TASK STATEMENT: Repeat each of these records exactly.

Collected data:
────

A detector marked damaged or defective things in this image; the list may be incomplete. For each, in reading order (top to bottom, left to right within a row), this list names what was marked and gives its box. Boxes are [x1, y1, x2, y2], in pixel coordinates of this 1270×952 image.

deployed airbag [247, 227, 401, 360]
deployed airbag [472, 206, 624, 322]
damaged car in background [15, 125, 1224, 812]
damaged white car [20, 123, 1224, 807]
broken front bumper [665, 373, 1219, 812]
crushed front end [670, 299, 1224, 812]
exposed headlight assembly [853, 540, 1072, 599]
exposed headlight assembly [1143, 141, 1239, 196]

────

RESPONSE BOX:
A detector marked damaged or defective things in this image; the list may be incomplete. For each, in reading order (top to bottom, left to right within a row), this list names what was marked and gives its box. Boxes are [x1, y1, x2, y2], in pixel coordinates of this 1270×952 image.

deployed airbag [247, 227, 401, 360]
deployed airbag [472, 206, 624, 322]
damaged car in background [15, 125, 1224, 812]
damaged white car [20, 123, 1224, 807]
broken front bumper [665, 373, 1219, 812]
crushed front end [670, 299, 1224, 812]
exposed headlight assembly [853, 540, 1072, 599]
exposed headlight assembly [1143, 141, 1239, 196]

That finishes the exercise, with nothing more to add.